Leave out the pictures and output exactly the lines below from the one with "Photo of property" down to the one with "Como Apartment |", both of them included.

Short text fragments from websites

---

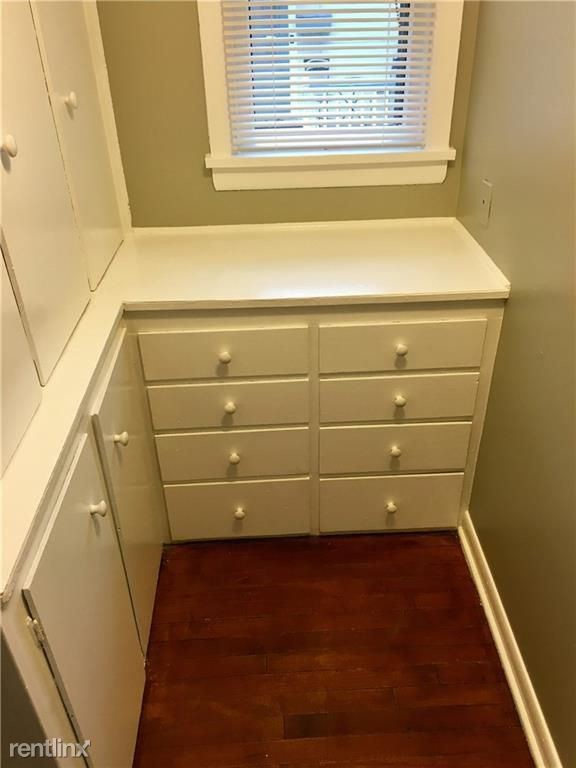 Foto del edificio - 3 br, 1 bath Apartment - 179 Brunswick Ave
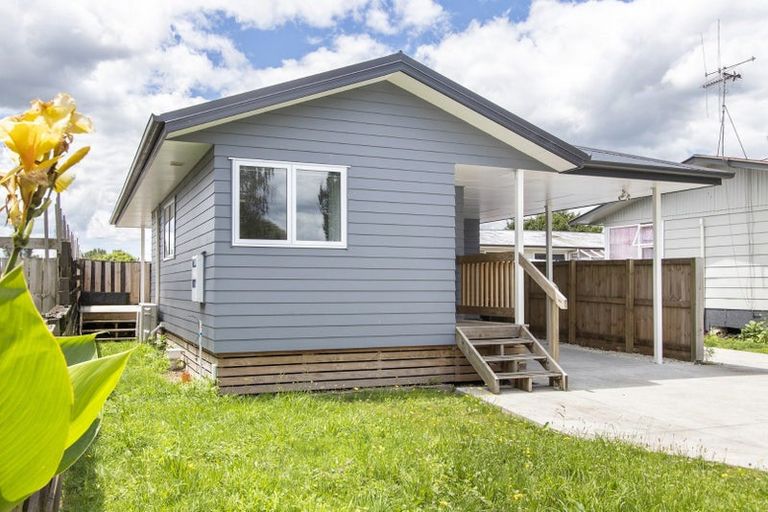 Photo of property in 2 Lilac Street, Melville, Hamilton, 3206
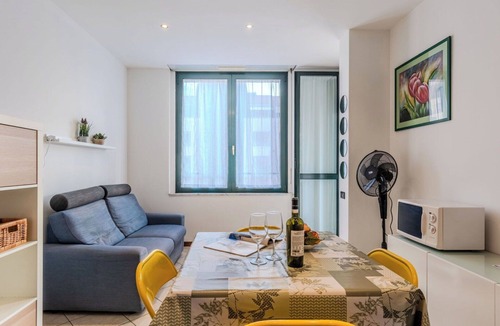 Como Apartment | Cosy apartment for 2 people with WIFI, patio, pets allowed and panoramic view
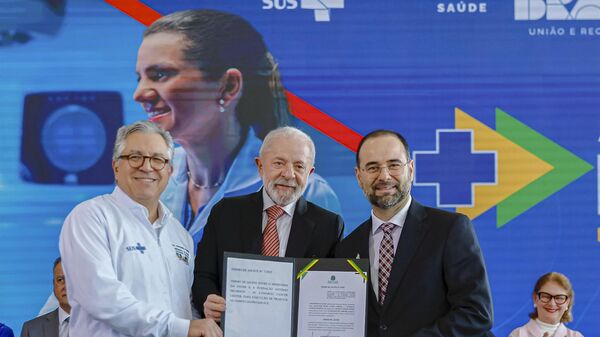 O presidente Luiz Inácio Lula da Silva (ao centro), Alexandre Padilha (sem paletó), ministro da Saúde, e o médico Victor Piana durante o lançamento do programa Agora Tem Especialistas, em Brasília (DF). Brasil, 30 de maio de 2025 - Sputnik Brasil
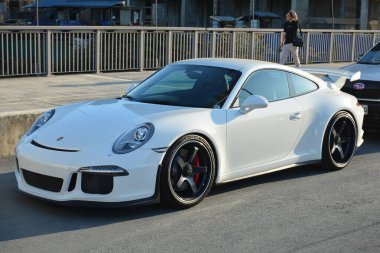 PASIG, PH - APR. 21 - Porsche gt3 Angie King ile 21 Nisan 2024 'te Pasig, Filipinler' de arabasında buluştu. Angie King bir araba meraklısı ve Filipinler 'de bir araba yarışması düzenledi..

---

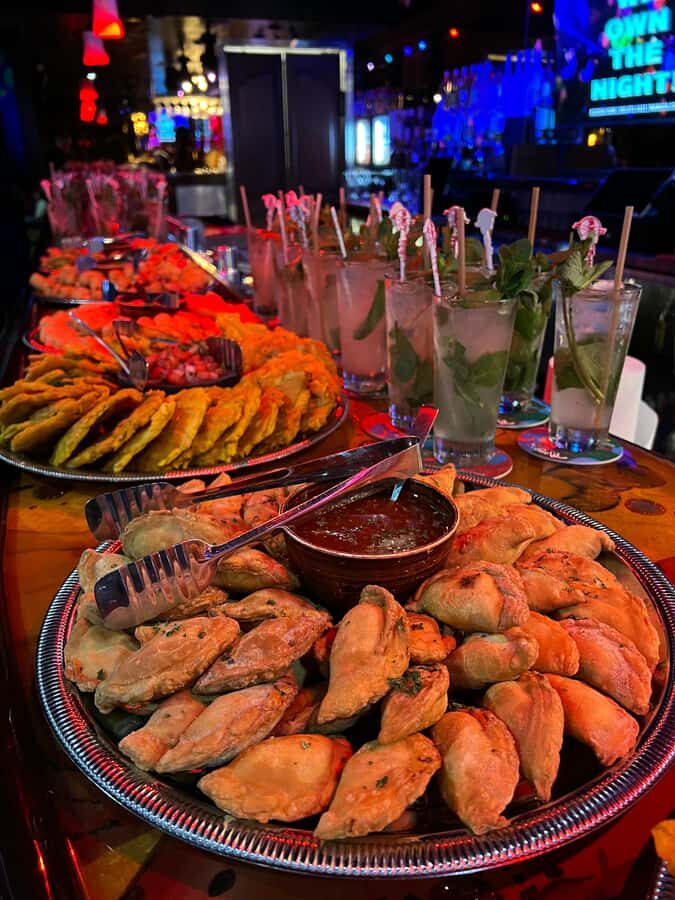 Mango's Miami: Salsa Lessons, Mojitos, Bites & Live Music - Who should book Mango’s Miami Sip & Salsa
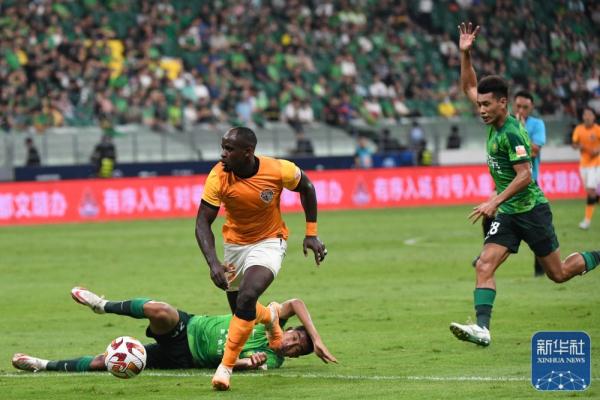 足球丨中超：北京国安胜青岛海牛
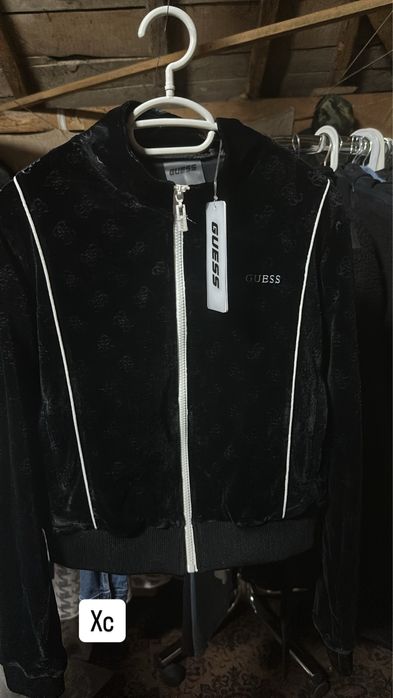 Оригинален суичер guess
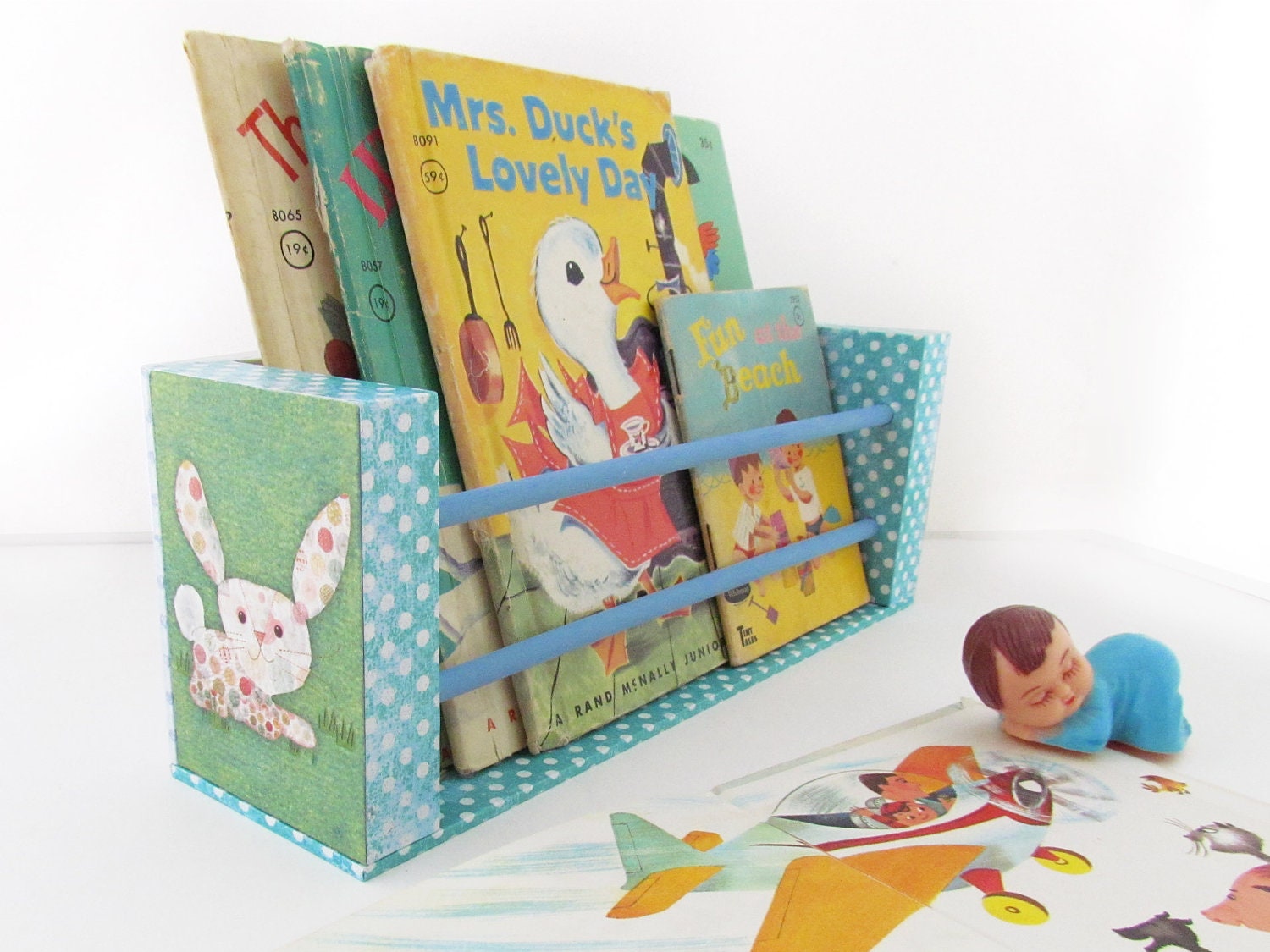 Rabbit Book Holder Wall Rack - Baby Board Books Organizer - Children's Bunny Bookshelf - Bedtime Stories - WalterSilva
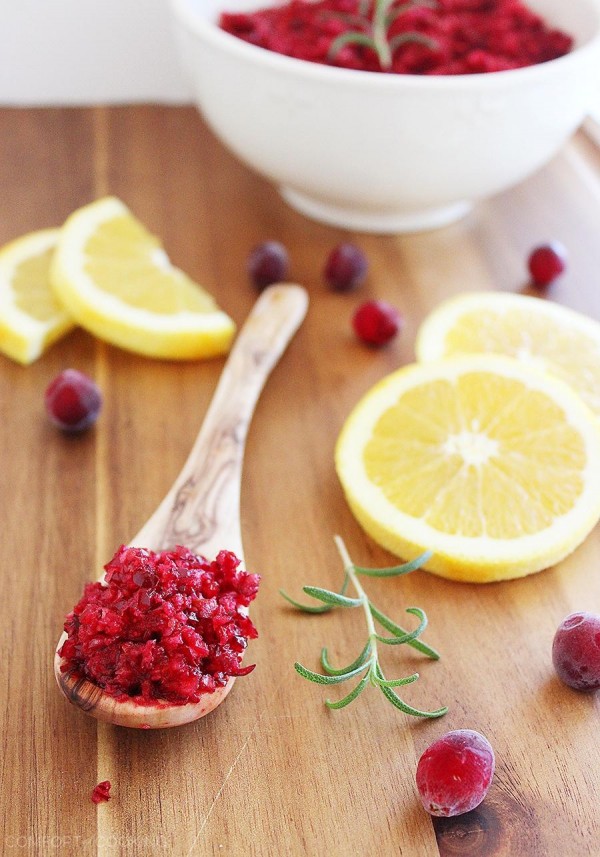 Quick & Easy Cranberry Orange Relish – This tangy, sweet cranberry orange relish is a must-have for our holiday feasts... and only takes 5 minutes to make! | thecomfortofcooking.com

---

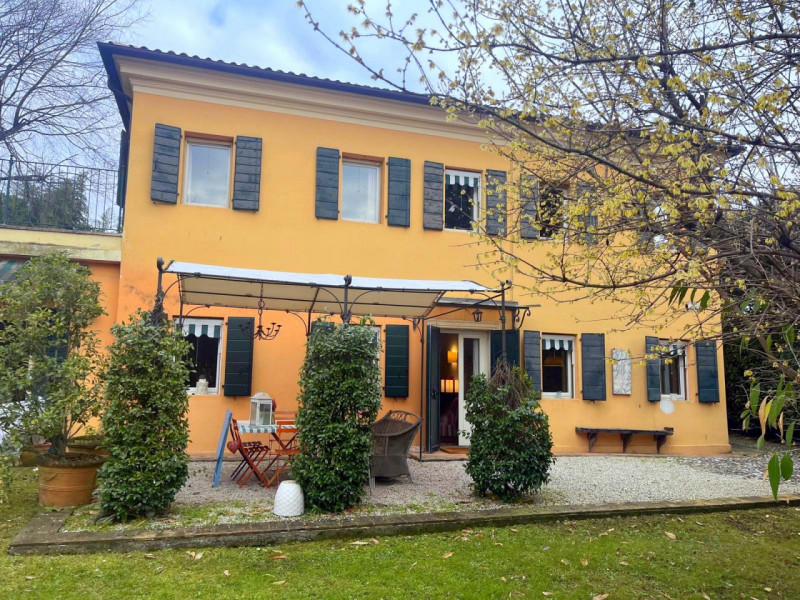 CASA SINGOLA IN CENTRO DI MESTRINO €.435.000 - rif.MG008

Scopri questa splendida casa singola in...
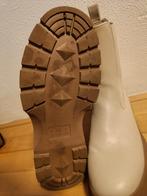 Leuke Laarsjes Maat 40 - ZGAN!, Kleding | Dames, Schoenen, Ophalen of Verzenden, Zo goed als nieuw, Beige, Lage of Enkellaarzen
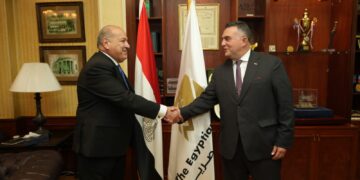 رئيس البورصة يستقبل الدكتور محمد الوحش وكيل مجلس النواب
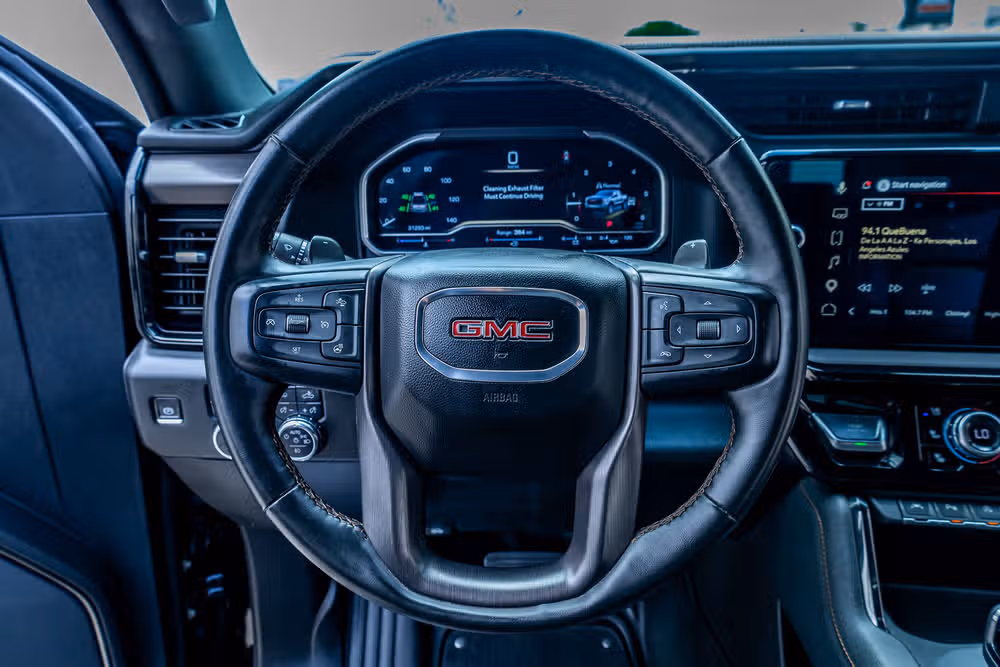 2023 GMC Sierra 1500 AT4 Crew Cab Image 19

---

◆ Solution to the problem ◆
 Photo of property in 2 Lilac Street, Melville, Hamilton, 3206
 Como Apartment | Cosy apartment for 2 people with WIFI, patio, pets allowed and panoramic view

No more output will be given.